Crawled caption data
-*-

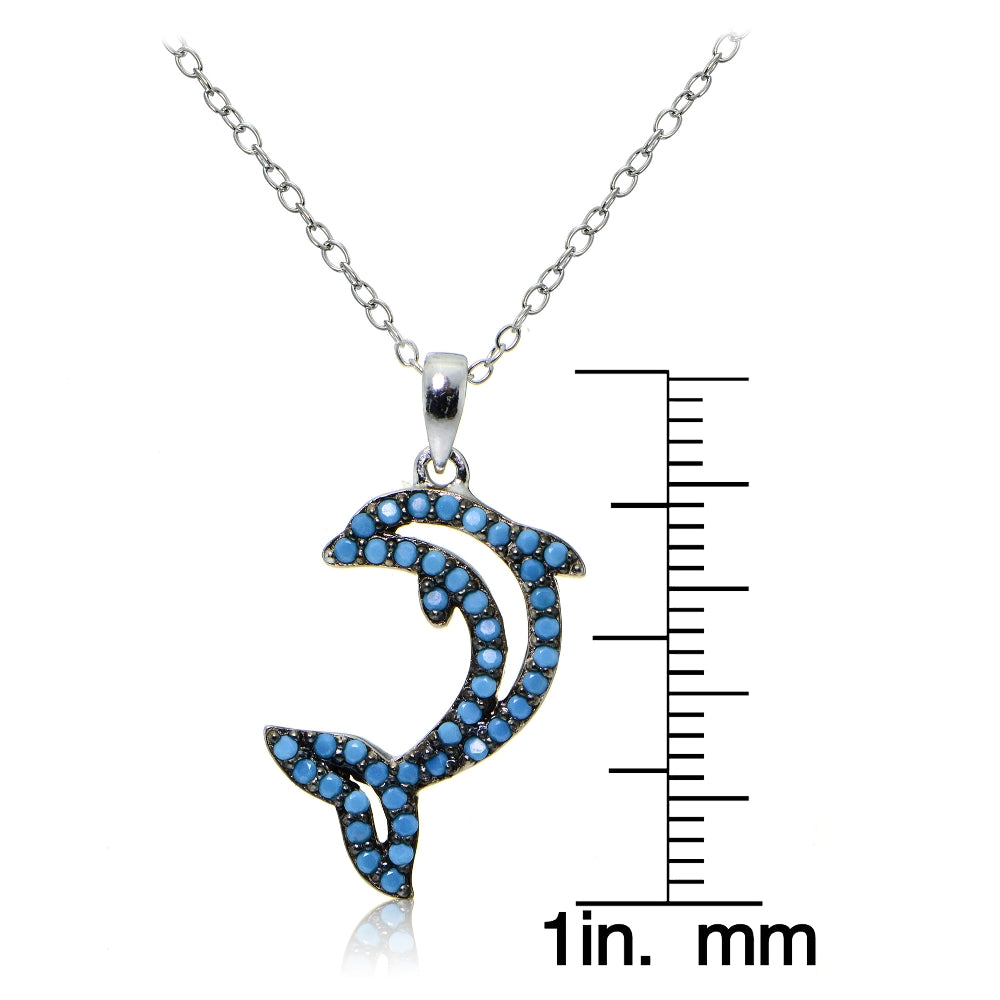 Sterling Silver Nano Created Turquoise Dolphin Necklace-3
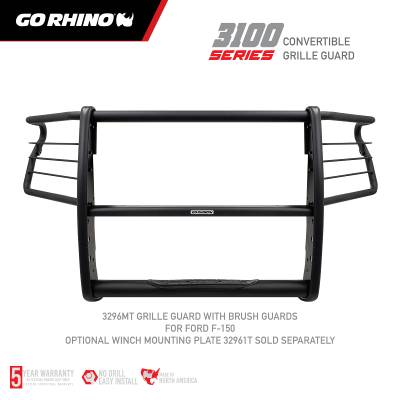 Go Rhino - Go Rhino 3100 Series StepGuard Grille Guard with Brush Guards 3296MT - Image 5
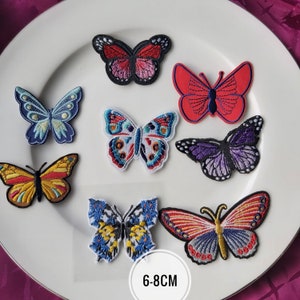 Set of 8pcs  40PCS  Bulk lot  butterfly collection  embroidered  iron on sew  on patch  6-8cm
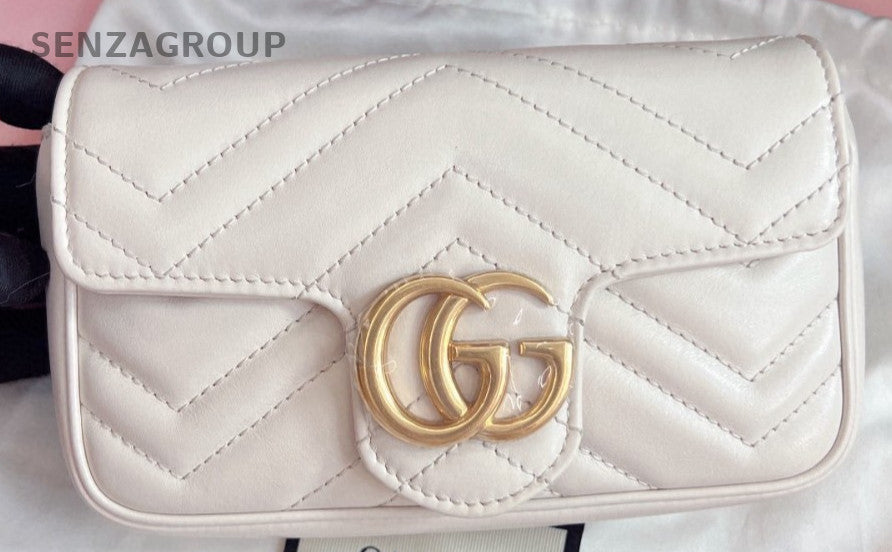 Gucci Mamon Mini Chain Shoulder Bag Crossbody White Gold Women Classic Designer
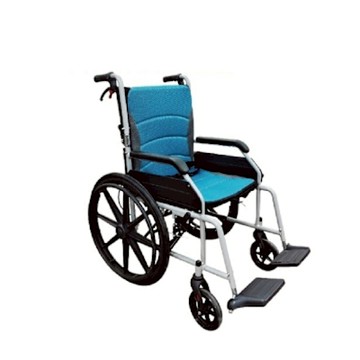 【輪椅】恆伸醫療 鋁製18吋固定手腳折背看護輪椅B款 鋁合金輪椅、看護輪椅、可折背、高背輪椅、18吋座寬、固定扶手、固定腳靠、雙層布墊、安全剎車、長照補助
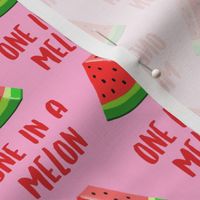 one in a melon - red on pink - watermelon summer fruit - LAD19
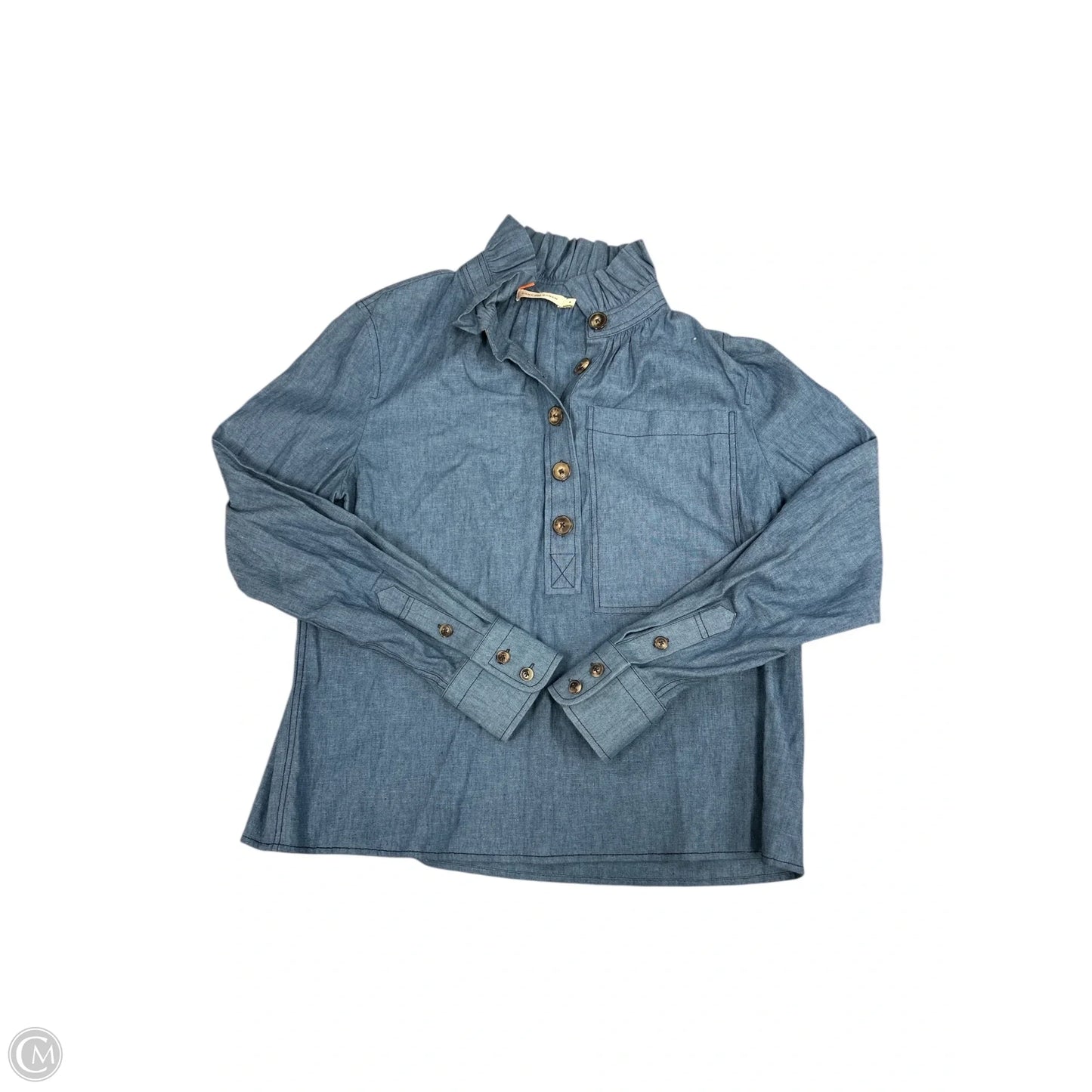 Top Long Sleeve Designer By Tory Burch In Blue, Size: 6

-*-

## Task statement
Would you set down the records exactly, with no pictures included?

## Output for this exercise
 Sterling Silver Nano Created Turquoise Dolphin Necklace-3
 Go Rhino - Go Rhino 3100 Series StepGuard Grille Guard with Brush Guards 3296MT - Image 5
 Set of 8pcs  40PCS  Bulk lot  butterfly collection  embroidered  iron on sew  on patch  6-8cm
 Gucci Mamon Mini Chain Shoulder Bag Crossbody White Gold Women Classic Designer
 【輪椅】恆伸醫療 鋁製18吋固定手腳折背看護輪椅B款 鋁合金輪椅、看護輪椅、可折背、高背輪椅、18吋座寬、固定扶手、固定腳靠、雙層布墊、安全剎車、長照補助
 one in a melon - red on pink - watermelon summer fruit - LAD19
 Top Long Sleeve Designer By Tory Burch In Blue, Size: 6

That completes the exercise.